Exercise directions |
Word for word, transcribe the data below from the line with "WhatsApp Image 2025-09-04 at 09.27.07" to the line with "K97減速機，輸入配電機法蘭端蓋，右輸出單軸，實物圖如下", keeping both of those lines.

The data |
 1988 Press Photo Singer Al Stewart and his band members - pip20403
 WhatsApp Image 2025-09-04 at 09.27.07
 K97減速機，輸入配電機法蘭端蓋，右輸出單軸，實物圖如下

==

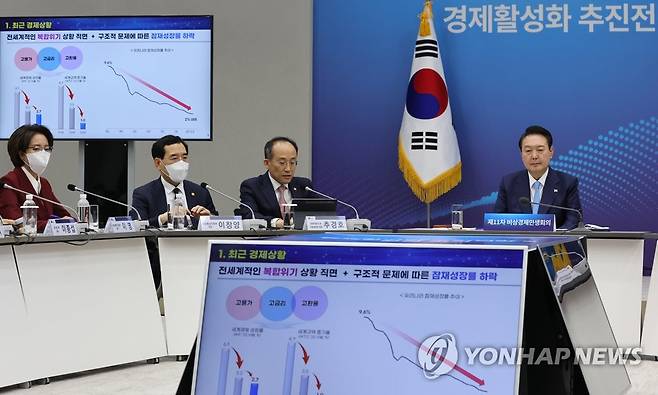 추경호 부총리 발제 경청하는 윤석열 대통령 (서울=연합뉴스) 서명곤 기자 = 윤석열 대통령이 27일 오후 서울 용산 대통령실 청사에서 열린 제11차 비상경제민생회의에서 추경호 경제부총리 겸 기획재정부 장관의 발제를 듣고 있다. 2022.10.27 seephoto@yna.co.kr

--

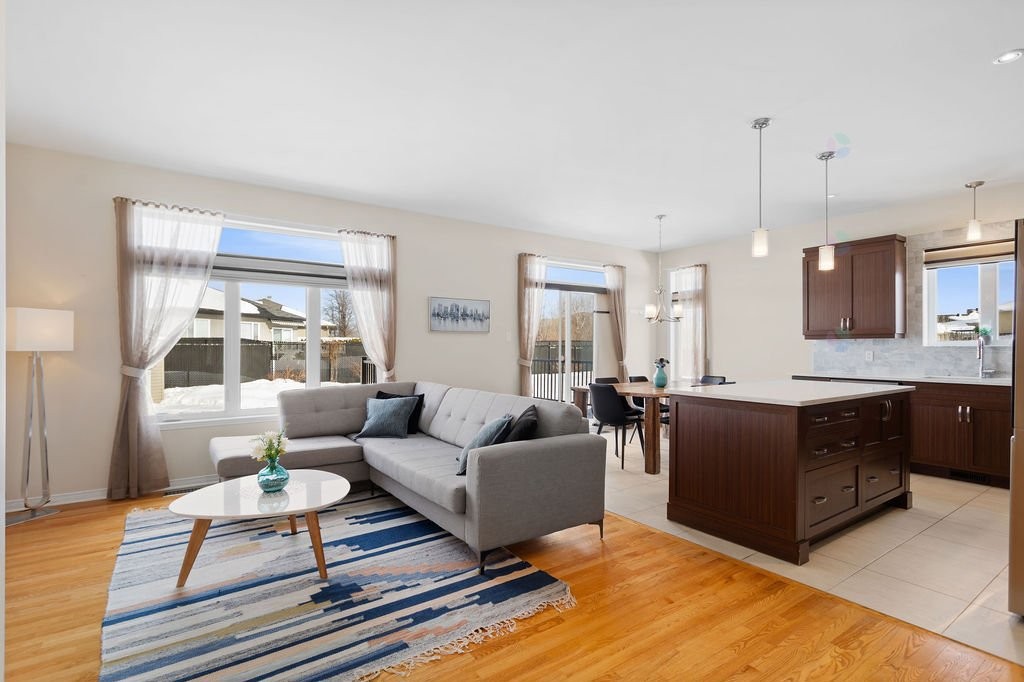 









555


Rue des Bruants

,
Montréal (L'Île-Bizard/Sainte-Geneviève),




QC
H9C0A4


Answer to this task |
 WhatsApp Image 2025-09-04 at 09.27.07
 K97減速機，輸入配電機法蘭端蓋，右輸出單軸，實物圖如下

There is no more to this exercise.